Selon un proche de la direction qui ne souhaite pas être cité, l’affaire n’a, en fait, rien de mystérieux. Yves de Chaisemartin et Grégoire Chertok se connaissent depuis très longtemps et, voyant que le second tenait un blog sur le cinéma, le premier lui a proposé de le faire à Marianne. La même source fait observer que cela n’a rien de choquant : l’ancien patron de BNP Paribas, Michel Pébereau, n’a-t-il pas lui-même longtemps écrit sur sa passion, qui était la science-fiction ? Ultimes arguments de notre source : c’est un règlement de comptes, auquel Grégoire Chertok est totalement étranger. Enfin, nous dit-on, il n’y a aucun lien financier entre Marianne et Grégoire Chertok, et ce dernier n’a aucun intérêt dans la moindre société de production.
Peu de temps après la mise en ligne de notre article, Bernard-Henri Lévy nous a joint pour contester les informations fournies par Frederick Cassegrain au comité d’entreprise. Nous assurant qu’il n’avait apporté aucun financement à Marianne, il nous a dit que ces informations étaient « inexactes et farfelues ».

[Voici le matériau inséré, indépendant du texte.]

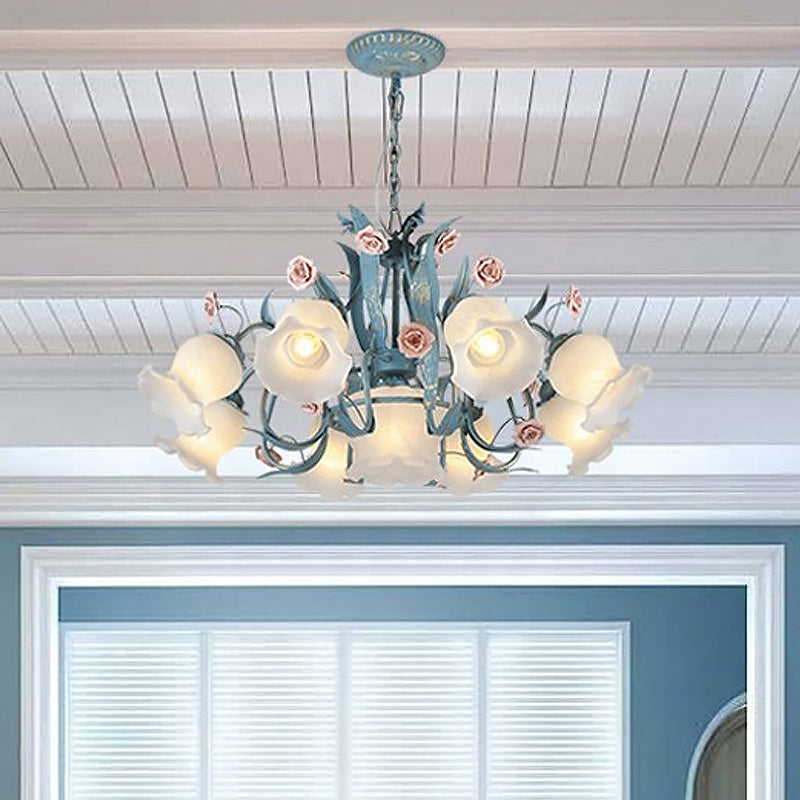 4/6/9-Head Chandelier Lamp Pastoral Style Downward Floral Frosted Glass Pendant Hanging Light in Blue 9 Blue Clearhalo 'Ceiling Lights' 'Chandeliers' Lighting' options 1968417_44b6b0d0-3407-43ad-b530-ecddd1203d98
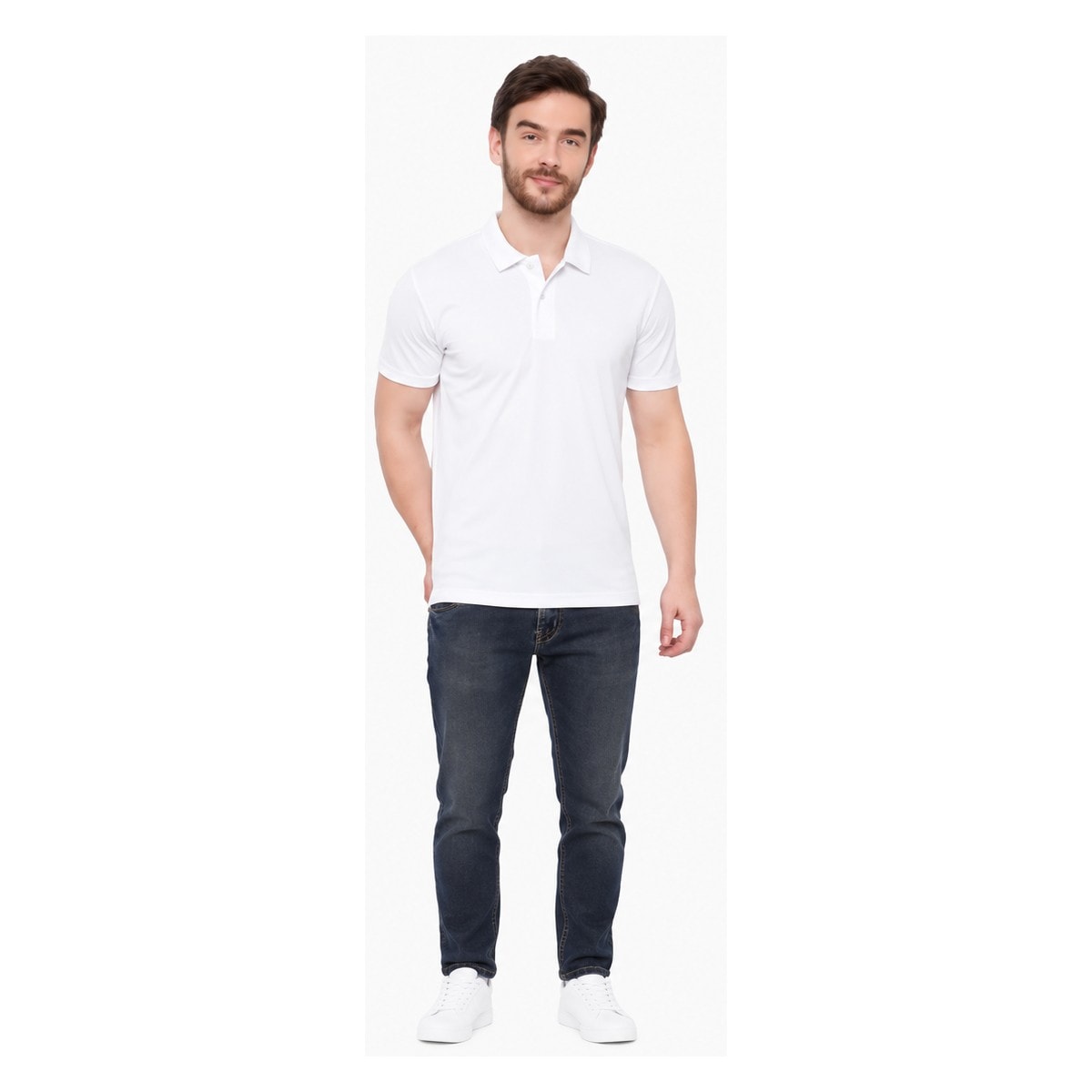 USPA Playdry Collar T-Shirt - White — corporate gift with your logo | ZYFTT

Il n’empêche ! Marianne, journal supposé indépendant, a fait écrire des articles dithyrambiques sur BHL par un banquier, et un proche de BHL lui-même. Lequel BHL a lui-même financé pour un peu plus de 20 000 euros des affiches pour les dos de kiosques, affiches que le magazine ne confectionnait plus depuis de longs mois pour des raisons d’économie budgétaire. Et le même BHL a aussi financé la soirée de la « première » de son documentaire, réservée aux invités du magazine.